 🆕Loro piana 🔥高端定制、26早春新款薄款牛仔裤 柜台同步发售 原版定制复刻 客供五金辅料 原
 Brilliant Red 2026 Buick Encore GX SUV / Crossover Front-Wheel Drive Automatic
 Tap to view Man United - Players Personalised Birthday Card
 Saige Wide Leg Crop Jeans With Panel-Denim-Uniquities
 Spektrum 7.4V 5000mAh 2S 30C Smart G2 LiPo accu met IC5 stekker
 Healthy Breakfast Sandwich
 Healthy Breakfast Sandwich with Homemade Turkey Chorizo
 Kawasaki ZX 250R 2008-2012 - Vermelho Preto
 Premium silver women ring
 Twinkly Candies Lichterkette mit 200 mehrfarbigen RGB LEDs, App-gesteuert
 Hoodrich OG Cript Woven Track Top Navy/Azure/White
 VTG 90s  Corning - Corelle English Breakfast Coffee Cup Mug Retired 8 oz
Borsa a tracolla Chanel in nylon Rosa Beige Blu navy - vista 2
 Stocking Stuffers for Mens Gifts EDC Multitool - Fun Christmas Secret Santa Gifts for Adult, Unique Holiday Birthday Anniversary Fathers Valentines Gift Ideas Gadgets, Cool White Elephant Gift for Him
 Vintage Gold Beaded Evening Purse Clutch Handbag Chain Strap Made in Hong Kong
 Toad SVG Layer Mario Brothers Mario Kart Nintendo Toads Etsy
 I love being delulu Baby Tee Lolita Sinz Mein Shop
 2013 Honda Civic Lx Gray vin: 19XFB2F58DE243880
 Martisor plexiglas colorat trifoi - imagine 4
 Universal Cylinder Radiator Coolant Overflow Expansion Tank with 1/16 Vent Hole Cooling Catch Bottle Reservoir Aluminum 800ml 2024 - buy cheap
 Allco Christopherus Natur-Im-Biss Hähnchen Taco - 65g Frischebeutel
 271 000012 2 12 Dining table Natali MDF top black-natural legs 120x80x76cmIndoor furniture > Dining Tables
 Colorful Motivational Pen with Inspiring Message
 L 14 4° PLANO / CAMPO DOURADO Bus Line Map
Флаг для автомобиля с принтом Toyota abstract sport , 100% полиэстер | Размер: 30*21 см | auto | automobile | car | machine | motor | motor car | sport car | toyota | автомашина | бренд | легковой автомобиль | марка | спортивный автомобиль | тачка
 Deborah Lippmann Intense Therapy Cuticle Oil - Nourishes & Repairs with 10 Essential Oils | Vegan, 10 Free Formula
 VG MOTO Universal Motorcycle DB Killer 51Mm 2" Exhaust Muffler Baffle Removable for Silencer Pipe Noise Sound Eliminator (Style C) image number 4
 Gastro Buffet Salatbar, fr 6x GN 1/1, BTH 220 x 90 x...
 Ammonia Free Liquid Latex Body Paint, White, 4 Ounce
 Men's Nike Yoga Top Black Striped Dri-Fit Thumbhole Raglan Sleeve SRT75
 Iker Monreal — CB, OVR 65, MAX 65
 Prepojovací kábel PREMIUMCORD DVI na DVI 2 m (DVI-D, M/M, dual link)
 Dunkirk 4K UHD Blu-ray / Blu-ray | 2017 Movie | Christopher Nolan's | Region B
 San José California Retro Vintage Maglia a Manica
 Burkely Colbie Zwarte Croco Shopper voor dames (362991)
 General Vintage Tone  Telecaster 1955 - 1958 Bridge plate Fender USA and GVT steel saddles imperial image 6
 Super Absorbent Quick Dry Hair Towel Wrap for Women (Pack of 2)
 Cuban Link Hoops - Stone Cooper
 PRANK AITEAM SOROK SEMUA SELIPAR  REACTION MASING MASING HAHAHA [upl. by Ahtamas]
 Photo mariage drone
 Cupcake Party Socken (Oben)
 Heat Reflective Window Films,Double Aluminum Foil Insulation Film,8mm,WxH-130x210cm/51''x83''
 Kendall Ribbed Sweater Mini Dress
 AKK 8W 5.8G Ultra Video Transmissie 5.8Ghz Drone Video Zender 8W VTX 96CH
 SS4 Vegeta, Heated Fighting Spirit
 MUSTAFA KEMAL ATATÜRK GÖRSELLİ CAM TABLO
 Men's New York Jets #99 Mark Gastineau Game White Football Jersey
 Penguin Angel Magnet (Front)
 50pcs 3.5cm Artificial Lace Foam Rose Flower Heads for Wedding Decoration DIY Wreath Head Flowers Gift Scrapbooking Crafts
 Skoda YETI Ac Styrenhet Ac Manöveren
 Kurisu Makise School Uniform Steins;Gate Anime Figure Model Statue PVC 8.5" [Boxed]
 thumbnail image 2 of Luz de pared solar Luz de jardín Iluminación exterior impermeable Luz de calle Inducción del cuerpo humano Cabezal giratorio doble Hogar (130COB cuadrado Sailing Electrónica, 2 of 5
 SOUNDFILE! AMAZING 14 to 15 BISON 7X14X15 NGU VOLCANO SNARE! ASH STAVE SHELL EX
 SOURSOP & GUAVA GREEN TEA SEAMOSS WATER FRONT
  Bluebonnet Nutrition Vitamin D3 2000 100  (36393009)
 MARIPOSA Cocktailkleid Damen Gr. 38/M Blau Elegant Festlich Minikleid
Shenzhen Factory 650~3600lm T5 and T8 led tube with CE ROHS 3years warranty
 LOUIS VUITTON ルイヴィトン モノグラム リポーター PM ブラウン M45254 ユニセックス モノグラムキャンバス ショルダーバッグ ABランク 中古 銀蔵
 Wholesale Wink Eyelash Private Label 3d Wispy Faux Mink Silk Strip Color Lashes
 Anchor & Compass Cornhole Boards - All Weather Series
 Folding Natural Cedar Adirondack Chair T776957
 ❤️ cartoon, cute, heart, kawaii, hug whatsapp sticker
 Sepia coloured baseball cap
+--
(Directions for this task)
Only the lines from the one holding "hug whatsapp sticker" to the end of the listing are to be written out, word for word.

(Answer to this task)
 ❤️ cartoon, cute, heart, kawaii, hug whatsapp sticker
 Sepia coloured baseball cap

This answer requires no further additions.